Here is one of the things I most admired about my mom: She was very traditional, in all the right ways. We had dinner together every night, made from scratch—a meat, a vegetable, and a starch, and usually a dessert, even if it was just canned pears on a piece of lettuce with some cheddar shredded on top. We said prayers on our knees by our bed every night. There was no swearing in our house. We went to church every Sunday. She taught us to be polite and friendly. She was the straightest of arrows.

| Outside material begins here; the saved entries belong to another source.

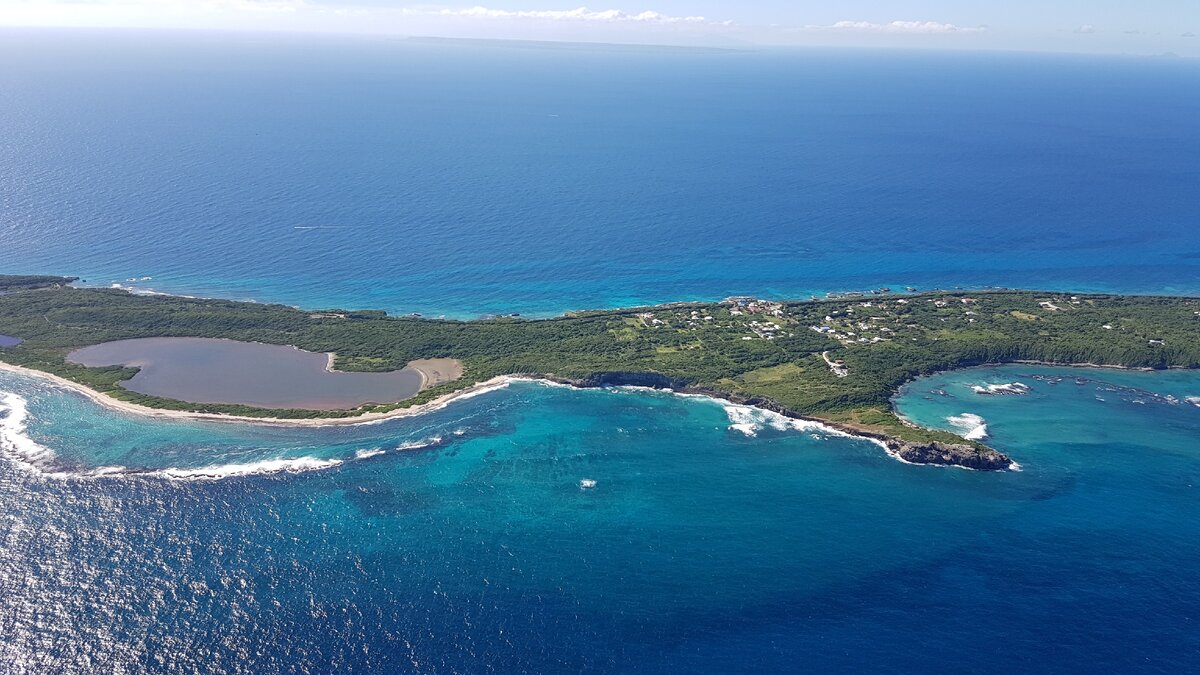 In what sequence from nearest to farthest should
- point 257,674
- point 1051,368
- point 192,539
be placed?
point 257,674, point 192,539, point 1051,368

She was also a feminist. She hated that her friend, age 50, had to ride her bike to work every day, even in cold and snow, because the husband wouldn't "allow" them to buy a car for her. (Needless to say, he did not bike to work.) She hated how women were treated around the world. One of my favorite stories from her college days at University of Maryland was when she and a friend, walking across campus, were gestured to by a man in a car. My mom said, "I'm not going over there. He doesn't have any business with us." But her friend couldn't resist the social pressure of ignoring him, so she went to the car—where he exposed himself. She had backbone, agency, and self-respect. She always said that if she won the lottery, her dream for the money would be to start a foundation to help women develop self-esteem.
For her, there was no contradiction between being traditional and being modern, in being a feminist and a homemaker, a professional (nurse, in her case) and a family-first mother. Values were values. She embraced the new ones without rejecting the traditional ones that had true worth.
In her honor, my sisters and I created a group called Team Alice with the charitable organization Kiva. Kiva makes micro-loans to people all over the world to help them pursue their potential and become self-sufficient. Even $25 can go a long way for someone in Bolivia or Pakistan. And when the loan is repaid, you can lend the money out again, blessing person after person with the same initial investment.